* [WORK TASK]:
Restate word for word the section of the entries that opens at the line containing "A photo of Ho" and closes at the line containing "Outdoor terrace seating", both lines kept, pictures dropped.

* [RECORDS FOR THIS EXERCISE]:
⟨

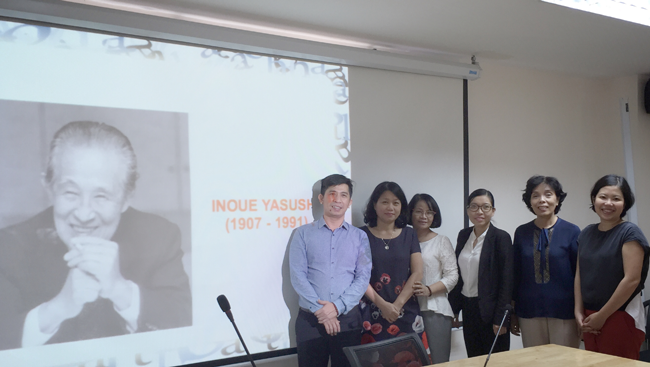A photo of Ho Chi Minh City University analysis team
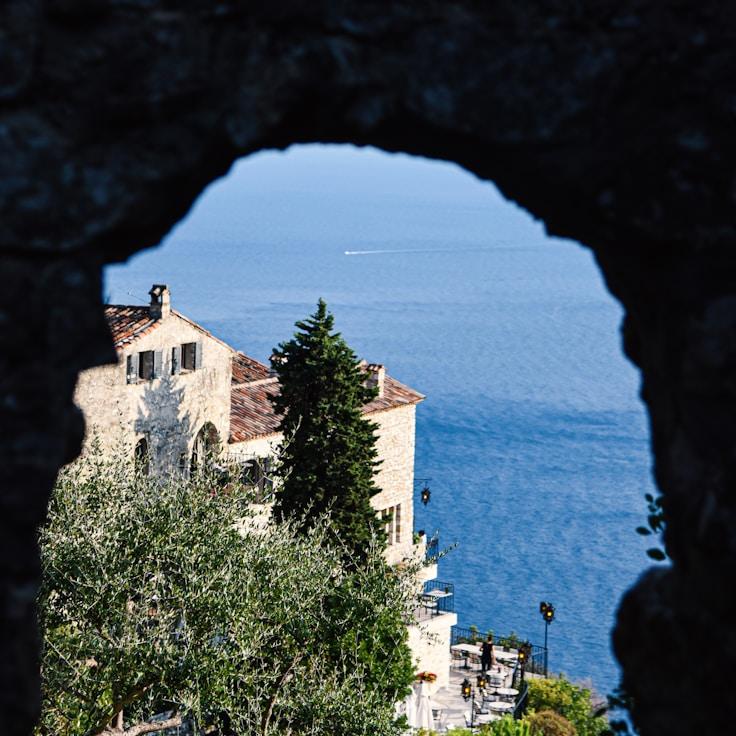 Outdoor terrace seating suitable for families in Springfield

⟩
⟨

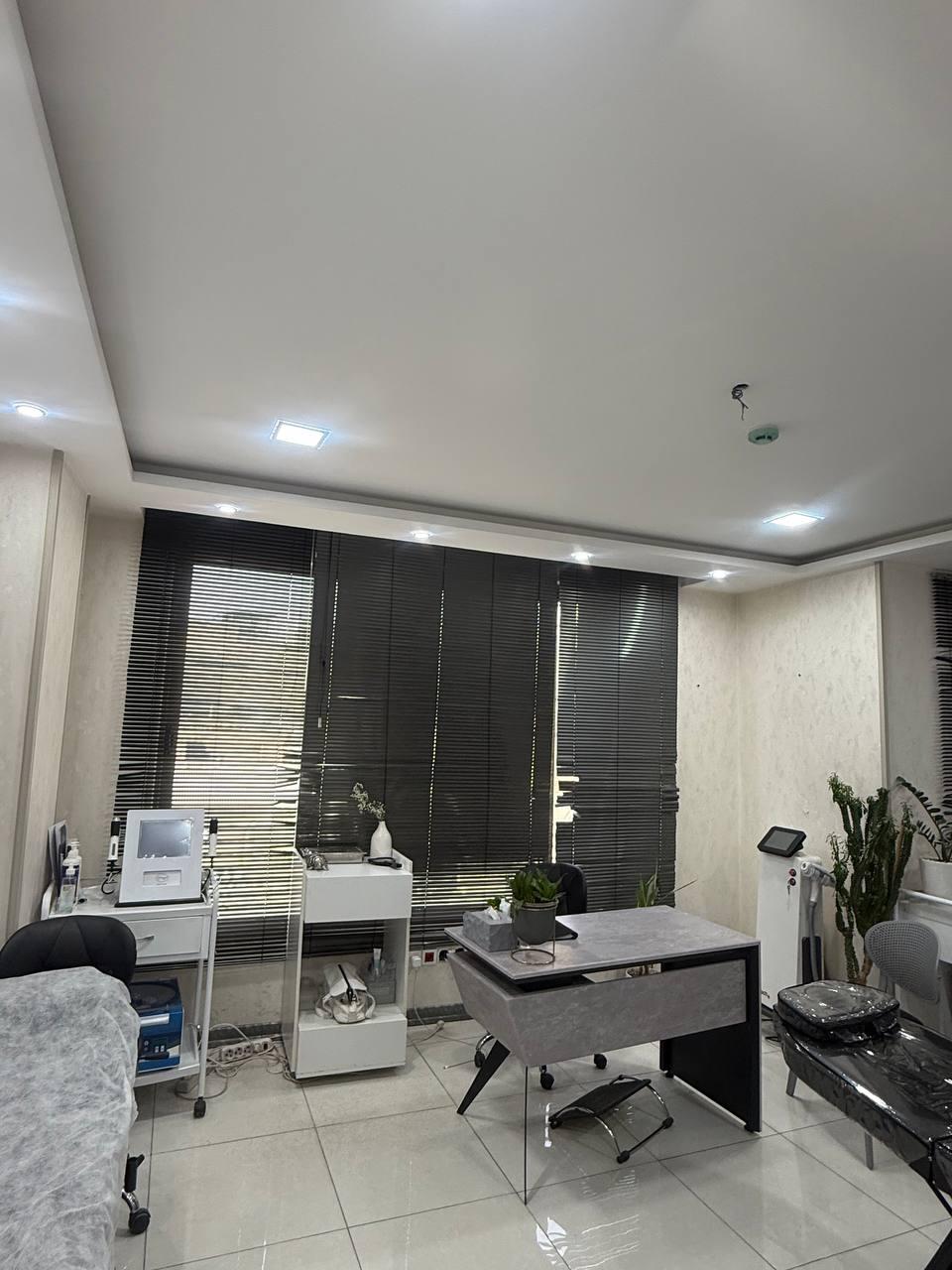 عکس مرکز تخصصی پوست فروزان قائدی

⟩
⟨

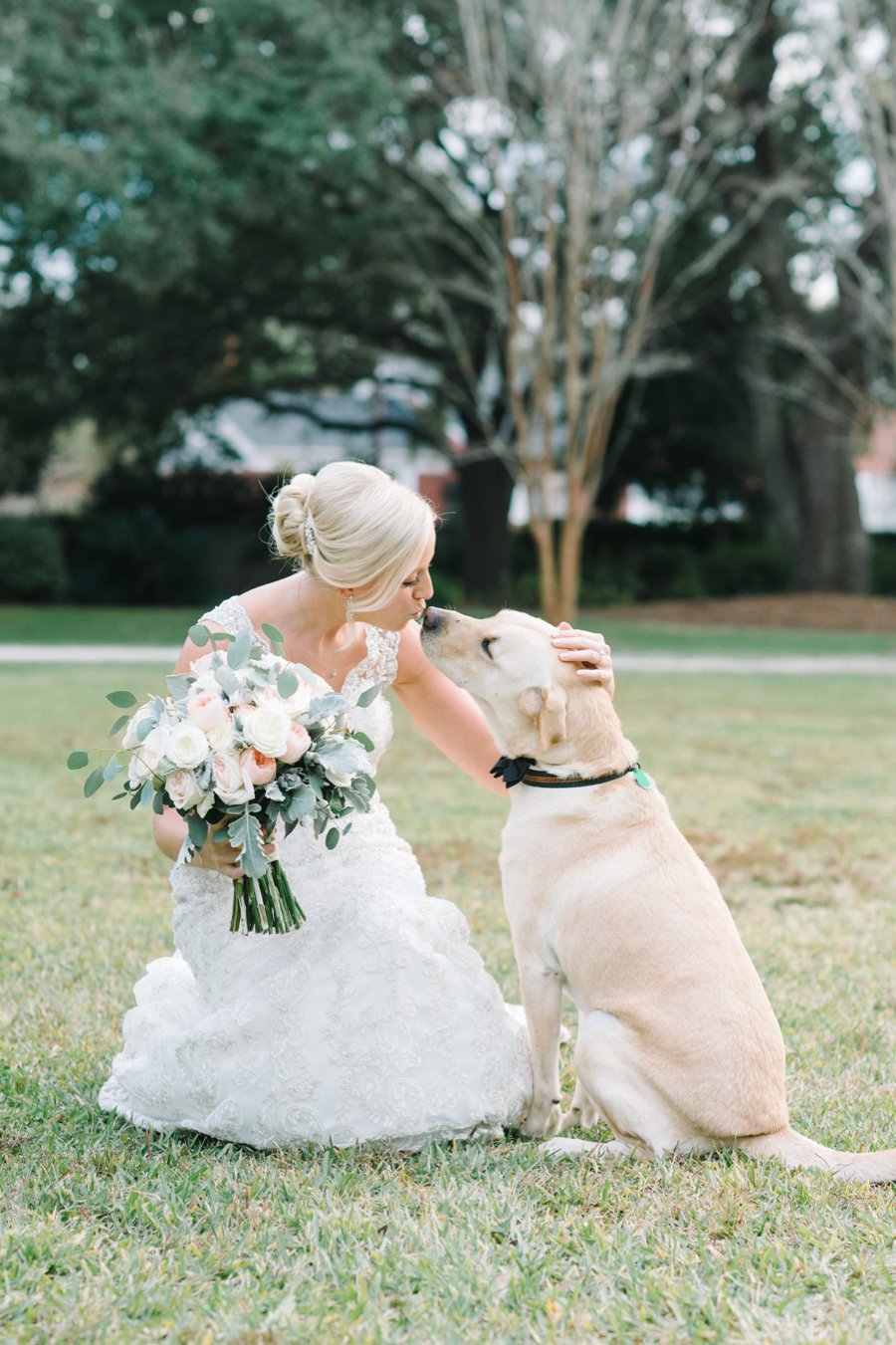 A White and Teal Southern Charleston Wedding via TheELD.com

⟩

* [EXERCISE SOLUTION]:
A photo of Ho Chi Minh City University analysis team
 Outdoor terrace seating suitable for families in Springfield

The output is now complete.